Single motherhood is very intense for me just about every single day. My boys are in elementary school -- third and first grades -- so my reality is homework, school projects, field trips, evening programs, sports teams, martial arts, playdates, sleepovers (for the uninformed, seven year olds do have sleepovers), birthday parties, and more. As if that's not enough, throw in acting opportunities separate from school and many miles away (even out of state) and multi-day camping trips all over New England, and you have a pretty good idea what we are up to year-round. The schedule is full. Scratch that, overloaded. And it is nearly always about my sons. (Note to self: see if you can tweak that a bit.)

But while I am the facilitator of all of the activities -- the person who finds them, registers for them, pays for them, buys the uniforms for them, keeps track of the schedules for them, drives my sons to them, watches them, sometimes helps at them, and prepares my boys for them (playing catch, choreographing a piece, reviewing spelling, correcting homework, etc.) -- I also have to fit in my own life: teaching, getting ready for class, critiquing student work, blogging every ten days, accepting an occasional extra job or focus-group opportunity for spare cash, and submitting query letters and manuscripts and more to agents and editors in an ongoing effort to get my book-length memoir published. Yowza! Of course, there's also washing laundry, putting it away, buying groceries, making meals, packing lunches or lunch money, picking up the house, teaching right from wrong, comforting and disciplining, taking my children to dentist and other appointments, and on and on.

It is an endless list and the reason why being a mother is the hardest job in the world.

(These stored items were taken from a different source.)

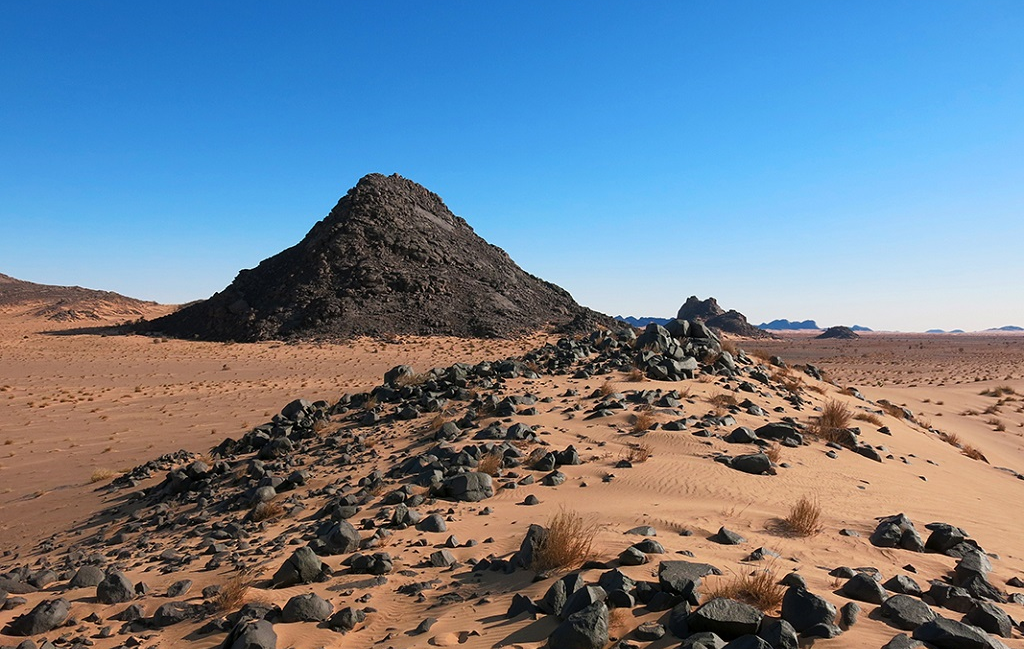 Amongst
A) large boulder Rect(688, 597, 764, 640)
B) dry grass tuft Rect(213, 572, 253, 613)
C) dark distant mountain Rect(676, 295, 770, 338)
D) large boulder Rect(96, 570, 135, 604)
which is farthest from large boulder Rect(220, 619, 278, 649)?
dark distant mountain Rect(676, 295, 770, 338)

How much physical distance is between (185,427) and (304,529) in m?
11.0

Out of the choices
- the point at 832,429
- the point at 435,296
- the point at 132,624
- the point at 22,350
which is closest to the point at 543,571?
the point at 132,624

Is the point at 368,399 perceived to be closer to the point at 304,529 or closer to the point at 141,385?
the point at 304,529

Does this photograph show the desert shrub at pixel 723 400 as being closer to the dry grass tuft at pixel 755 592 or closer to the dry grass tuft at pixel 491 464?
the dry grass tuft at pixel 491 464

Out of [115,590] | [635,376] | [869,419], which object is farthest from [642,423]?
[115,590]

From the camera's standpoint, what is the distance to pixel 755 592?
13.6 ft

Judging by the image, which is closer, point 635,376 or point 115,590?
point 115,590

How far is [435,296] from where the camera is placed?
4291 cm

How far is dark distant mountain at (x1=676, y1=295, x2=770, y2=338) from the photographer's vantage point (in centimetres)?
9219

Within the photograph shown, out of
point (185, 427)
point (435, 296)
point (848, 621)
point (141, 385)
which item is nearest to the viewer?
point (848, 621)

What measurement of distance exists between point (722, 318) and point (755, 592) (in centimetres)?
9588

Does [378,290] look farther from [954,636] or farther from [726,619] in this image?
[954,636]

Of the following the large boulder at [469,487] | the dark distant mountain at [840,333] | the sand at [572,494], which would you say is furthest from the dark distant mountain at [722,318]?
the large boulder at [469,487]

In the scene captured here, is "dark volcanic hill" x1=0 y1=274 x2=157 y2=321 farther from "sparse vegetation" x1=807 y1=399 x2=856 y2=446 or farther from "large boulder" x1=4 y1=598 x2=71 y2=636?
"sparse vegetation" x1=807 y1=399 x2=856 y2=446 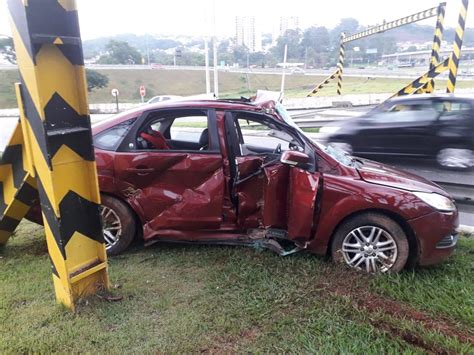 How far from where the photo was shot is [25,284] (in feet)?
12.0

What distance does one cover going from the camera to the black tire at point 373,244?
144 inches

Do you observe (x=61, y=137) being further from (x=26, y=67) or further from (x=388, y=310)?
(x=388, y=310)

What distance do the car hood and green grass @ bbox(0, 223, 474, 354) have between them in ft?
2.53

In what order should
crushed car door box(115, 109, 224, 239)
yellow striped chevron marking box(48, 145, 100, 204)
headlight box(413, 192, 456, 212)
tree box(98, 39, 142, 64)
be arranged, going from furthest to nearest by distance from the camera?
tree box(98, 39, 142, 64) → crushed car door box(115, 109, 224, 239) → headlight box(413, 192, 456, 212) → yellow striped chevron marking box(48, 145, 100, 204)

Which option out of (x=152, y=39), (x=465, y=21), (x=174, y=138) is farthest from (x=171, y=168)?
(x=152, y=39)

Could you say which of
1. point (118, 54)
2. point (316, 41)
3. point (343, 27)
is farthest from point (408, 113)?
point (118, 54)

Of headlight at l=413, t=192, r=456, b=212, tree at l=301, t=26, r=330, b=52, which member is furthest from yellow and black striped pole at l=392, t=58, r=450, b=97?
tree at l=301, t=26, r=330, b=52

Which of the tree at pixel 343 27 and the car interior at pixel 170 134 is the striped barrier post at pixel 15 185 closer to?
the car interior at pixel 170 134

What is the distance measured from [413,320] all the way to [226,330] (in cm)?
140

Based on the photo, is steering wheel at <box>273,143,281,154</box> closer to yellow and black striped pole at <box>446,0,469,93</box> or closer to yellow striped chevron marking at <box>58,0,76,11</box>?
yellow striped chevron marking at <box>58,0,76,11</box>

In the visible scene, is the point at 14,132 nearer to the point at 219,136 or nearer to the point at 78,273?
the point at 78,273

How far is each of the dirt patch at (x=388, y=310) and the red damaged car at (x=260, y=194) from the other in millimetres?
266

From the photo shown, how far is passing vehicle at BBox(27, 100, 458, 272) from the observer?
12.1ft

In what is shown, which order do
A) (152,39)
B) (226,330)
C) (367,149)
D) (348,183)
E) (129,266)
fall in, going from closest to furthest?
(226,330) → (348,183) → (129,266) → (367,149) → (152,39) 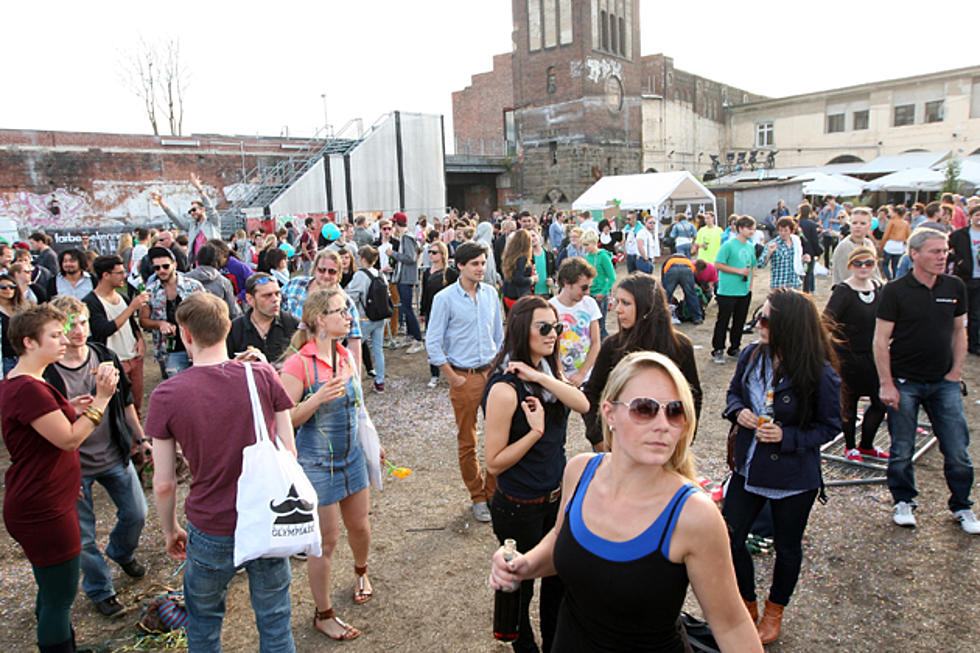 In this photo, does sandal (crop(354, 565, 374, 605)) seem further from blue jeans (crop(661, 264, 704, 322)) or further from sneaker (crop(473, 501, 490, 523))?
blue jeans (crop(661, 264, 704, 322))

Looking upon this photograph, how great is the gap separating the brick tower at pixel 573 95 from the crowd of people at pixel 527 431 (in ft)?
108

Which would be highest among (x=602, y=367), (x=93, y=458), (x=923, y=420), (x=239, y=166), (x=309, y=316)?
(x=239, y=166)

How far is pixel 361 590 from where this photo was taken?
11.8ft

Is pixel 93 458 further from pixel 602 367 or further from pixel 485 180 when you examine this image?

Given this backdrop, it is crucial for mothers of all stripes and especially single mothers to apply the brakes once in a while so as not to "hit the deer."

Go out to a matinee. Have lunch with a friend. Walk on a beach. Have a massage. Take yoga. Wolf down a decadent dessert. Leave on a girls' weekend away and do karaoke in the local bar. If it feels good, makes you happy, relaxes you, or provides a brief escape from your daily pressures, then by all means indulge yourself. Do it as much as you can.

If you don't practice self-care at least once in a while, you will go "crazy." Maybe not in the clinical sense (though maybe you will) but surely in the teetering-on-the-edge sense. The mother, particularly the one without a partner or other free help, will feel like she is living inside a pressure cooker or vise with pressure bearing down on her from all sides. It makes her depleted, irritable, and unable to tolerate anything else thrown her way such as a flat tire, missing car keys, or petulant child. Her sense of calm and equilibrium will be replaced by excessive anxiety, imbalance, and a disordered mind. Regretfully, I know this state intimately. Take my word for it: it is horrible to experience.

Don't let yourself get to the point of hitting the deer. Carve out break times to give you pleasure and find moments of peace so you can manage to keep the crazy away . . . or at least at bay.